Цепь размоталась и испарилась. Стрелки встали. Толстяк упал фиолетовым трупом.
Цех
Посреди кабинета в алом замшевом кресле восседал Господин. Изумрудный свет лампы обливал тёмный пурпурный ковёр странным бежевым пятном, чёрные громоздкие шкафы были битком забиты редкими книгами. Здесь было уютно в одиночестве. Позади кресла на глянцевом чёрном столе мерцала и переливалась куча сувениров из разных эпох: затёртый жемчуг на тонкой, сложенной кольцами цепи; светящиеся кристаллы, древние каштановые идолы, фарфоровые клоуны; перья из белого золота и серебряные чернильницы, полные голубых кровей умерших королей и графов. Все сувениры были выложены змейкой: всякое украшение подавало руку следующему за ним. Завершающими новый ряд чудного змея, вероятно, будут часы…
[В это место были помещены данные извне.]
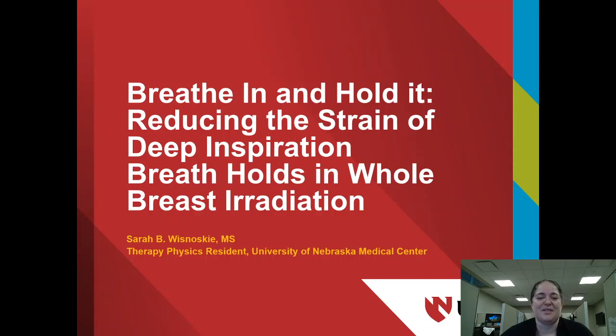Hello, my name is Sarah Wisnowski. I am a medical physics therapy resident at Buffett Cancer Center at the University of Nebraska Medical Center. Today I'll be presenting my research titled: using flattening filter-free beams and electronic tissue compensation whole breast irradiation with deep inspiration breath holds for left-sided breast cancer, or more simply, breathe in and hold it — reducing the strain of deep inspiration breath holds in whole breast irradiation.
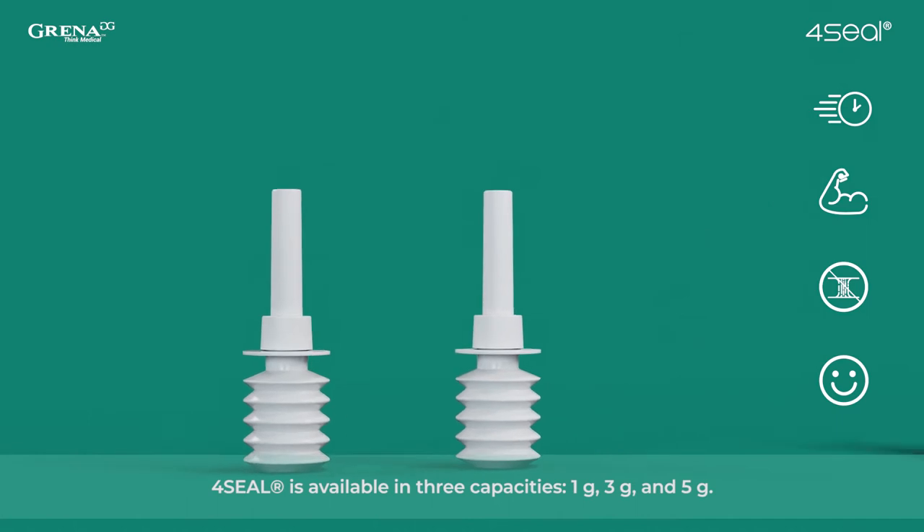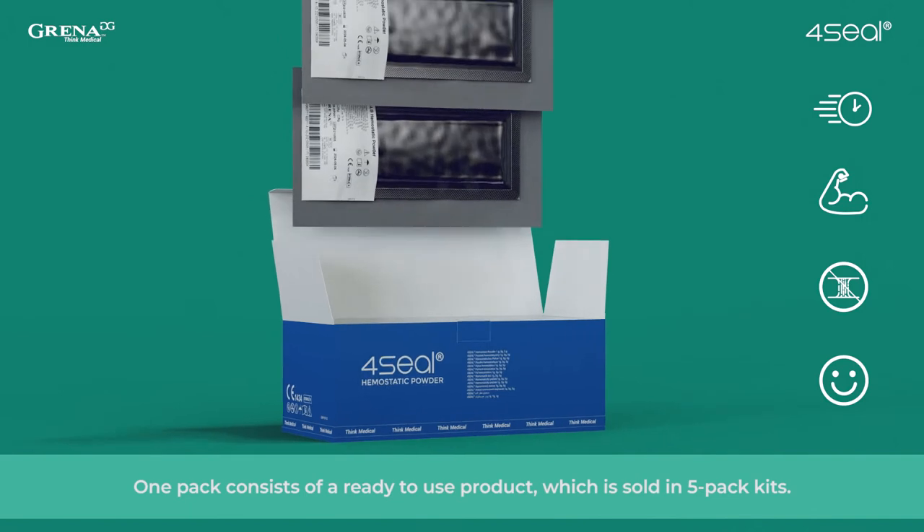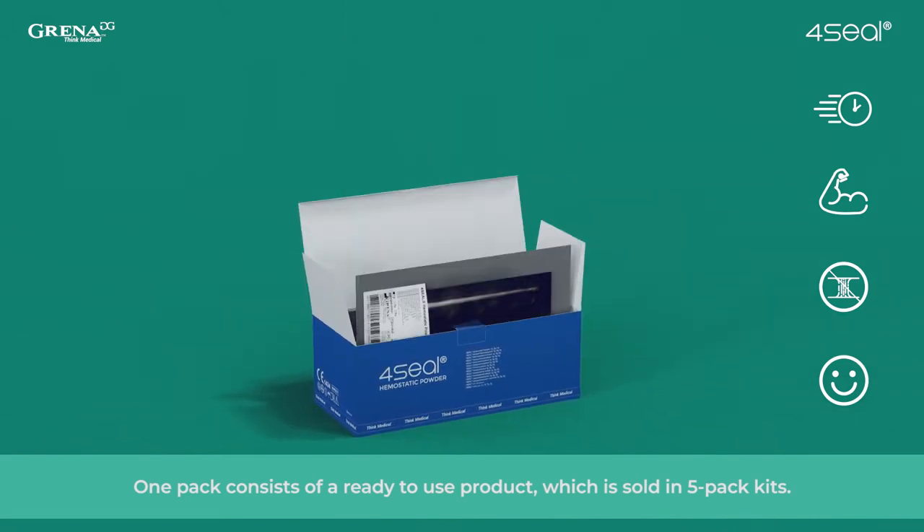Hemostasis is achieved within 2 to 3 minutes. 4Seal is available in 3 capacities: 1 gram, 3 grams, and 5 grams. One pack consists of a ready-to-use product, which is sold in 5-pack kits.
Господин сжал ногтями большого и безымянного пальцев лист бумаги.
– Листы слишком толстые. Чёрт возьми, просто жирные! Так. Постройтесь-ка все в ряд и слушайтесь!
Господин распорядился собрать всю рать подчинённых у себя в кабинете.
– Вот вам указание. Распилите каждый лист пополам. Я хочу, чтоб вот из этого полена вы сделали мне две тонюсенькие паутинки!
– Господин! А, Господин! Я старший советник и настоятельно рекомендую просто купить тонкую бумагу! Соберём в охапку наших курьеров – скупят и обдерут хоть со всего королевства! Я старший советник и считаю…
– Цыц, советник! Рассоветовался! Это за что же я тогда буду платить всем вам денежки? Платить? Денежки? Разгоню всех к чёртовой матери – оставлю одних курьеров! И все ваши премии раздам бумажным заводам?
– Нет-нет, Господин!
– Кто будет работать, не жалея пота и крови, я, что ли, всё это придумал? А ну марш трудиться, бездельники! А не знаете как – сыщите инженеров! А не найдёте инженеров – возведите академии и выучите их с десяток! Сотню! Сейчас же брысь отсюда!
Спустя 40 дней Господин по-прежнему был неподвижно скрючен в своём кресле. Взгляд вот уже который день был парализован; робкий свет лампы не касался его худого костяного лица, отчего казалось, будто окаменевшие белёсые глаза светятся в темноте. Худые длинные ноги, сложенные одна на другую, длинные руки, застывшие полусогнутыми, – всё онемело… Он был похож на трёхметровую, изящную, аккуратно сложенную по изгибам суставов ящерицу.